2月 1日マルコ14章27−52節、『ゲッセマネの祈り・主の祈り』
8日マルコ14章53−72節、『主のおことばを思い出し』
15日マルコ15章1−20節、『ローマ人もユダヤ人も』
22日マルコ15章21−32節、『十字架から降りよ』
29日宇堅福音教会の石川芳隆先生(地区講壇交換)

(2)今朝の聖書箇所マルコ14章27−52節の中で32-46節に描かれている、ゲッセマネの園の場面に注意します。そのために、まず前後の箇所を見、前後との関係に意を注ぎながら、32−46節の内容を味わい、マルコがマルコの福音書の最初の読者たちに何を伝えようとしていたのか探ります。

[2]前後の箇所 、27−31節、47−52節
(1)前の箇所・27−31節
最後の晩餐の後、賛美を歌いながら進む場面の後、主イエスとペテロの会話をマルコは描いています。主イエスとペテロの会話は、27−29節と30、31節に、同じ内容が異なる表現で二回の繰り返され、その意味が深められて読む者の心に伝えられて行きます。
① 主イエスは、旧約聖書ゼカリヤ15章7節を引用、「わたしは羊飼いを打つ」と、主イエスの十字架とその際弟子たちが逃げ散ると語られます。
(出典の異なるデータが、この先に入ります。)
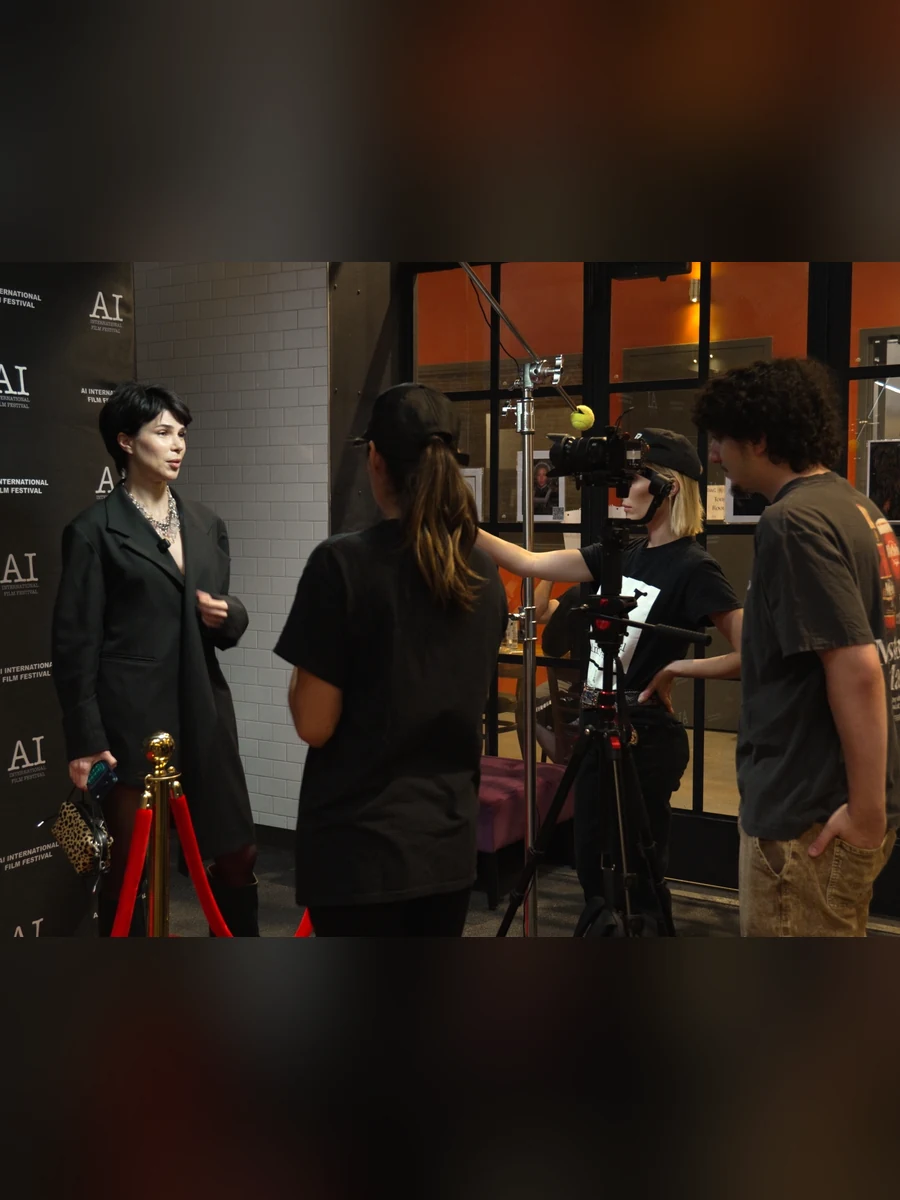 A crew filming an interview at the backdrop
しかし同時に、ご自身の復活についても、「しかしわたしは、よみがえってから、あなたがたより先に、ガリラヤに行きます」(28節)と、力強く宣言語なさいます。

②主イエスのことばに対して、ペテロは、他の弟子たちとの対比で、自分自身の決意を伝えます。
「たとい全部のものがつまずいても」(29節)。

③ペテロのことばに対して、主イエスは、「あなたは、きょう、今夜、鶏が二度なく前に、わたしを知らないと三度言います」(30節)と非常に具体的に、ペテロがご自身を否むことを指摘なさいます。

④31節、主イエスの具体的なことばに対して、ペテロはさらに一段と力を込めて、力説します。
「たとい、ごいっしょに死ななければならないとしても、私は、あなたを知らないなどとは決して申しません」(31節)
ペテロ同様、他の弟子たちも、自分たちの決意を強調。

(2)後の箇所・47−52節
 ユダに導かれて、主イエスを逮捕しようとする群衆が登場します。
①彼らの背後には、彼らを派遣した「祭司長、律法学者、長老たち」(43節)が控えています。
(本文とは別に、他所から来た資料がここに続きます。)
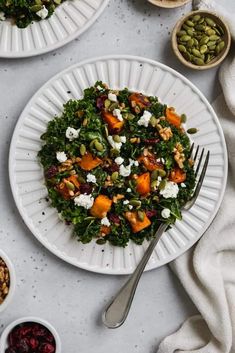 two white plates filled with salad next to bowls of nuts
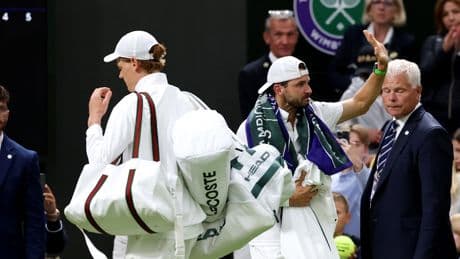 Jannik Sinner carries Grigor Dimitrov’s bags off court after heartbreaking retirement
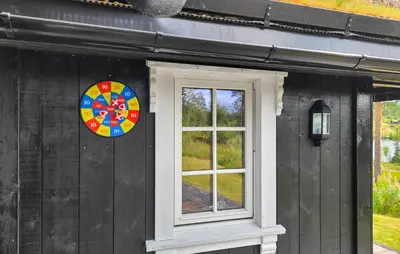 a wheel on the side of a black house with a window at Nice Home In Vinje With House Sea View in Trovatn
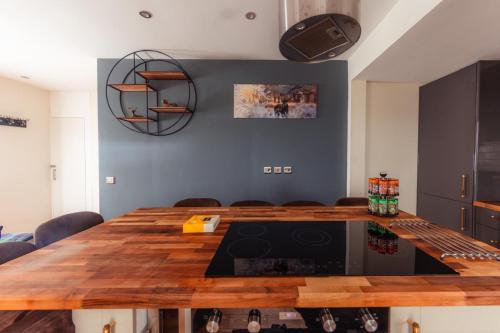 a dining room with a wooden table in a room at Luxury Seaview Cottage by Fairy Pools 3 in Carbost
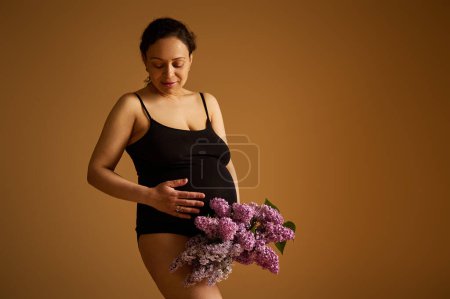 Portrait of a beautiful pregnant woman expecting baby, holding belly, looking aside, posing in black lingerie with a bunch of purple lilacs, isolated beige studio background. Pregnancy and maternity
②44節には、前もってなされた打ち合わせが明にされます。「私が口づけをするのが、その人だ。その人をつかまえて、しかっりと引いて行くのだ」との打ち合わせどおりことが進む様が描かれます。
前もっての打合せとその実行と、同じ内容を二度繰り返し、場面が読む者の心に深く刻まれて行きます。

③そのとき、ひとつの出来事が生じたのです。
「イエスのそばに立っていたひとりが、剣を抜いて大祭司のしもべに撃ちかかり、その耳を切り落とした」(47節)。

④この事態の中で、主イエスが語られる際立つ、主イエスのことば、
「しかし、こうなったのは聖書のことばが実現するためです」。
主イエスは、ずべての事態の背後に、旧約聖書に約束されている預言の成就を見ておられます。
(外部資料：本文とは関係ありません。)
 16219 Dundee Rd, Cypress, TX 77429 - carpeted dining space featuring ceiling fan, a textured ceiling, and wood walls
⑤31節に見た、ペテロや他の弟子たちのことばとの鋭い対比で、
「すると、みながイエスを見捨てて、逃げてしまった」と、彼らの実際の姿をマルコは率直に描きます。
51節と52節には、マルコの福音書だけに登場する記事で、一人の青年の姿を描いています。これは、若き日のマルコ自身の経験を描いているものとの理解があります。そう理解するのは、自然では。

[3]ゲッセマネの祈り 、32−46節
32節からは、直接にゲッセマネの園における祈りの場面です。
主イエスが三人の弟子たちに語られたことばと主イエスの祈りそのものを注意。
(1)主イエスの弟子たちへのことば
この場面で、主イエスは弟子たちに、三回にわけ語られている様をマルコは描いています。
①34節。他の弟子たちを置いて、主イエスがペテロ、ヤコブヨハネだけをいっしょに連れて行かれたのです。
そして最初に三人に語られたことばが34節に記されています。
「わたしは悲しみのあまり死ぬほどです。ここを離れないで、目をさましていない」。
「目をさましていなさい」とは、13章33節以下に見た、主イエスのたとえの中で繰り返し強調されていることばです。「わたしがあなたがたに話していることは、すべての人に言っているのです。目をさましていなさい」(13章37節)と結びのことばの中で要約している、弟子たちの役割です。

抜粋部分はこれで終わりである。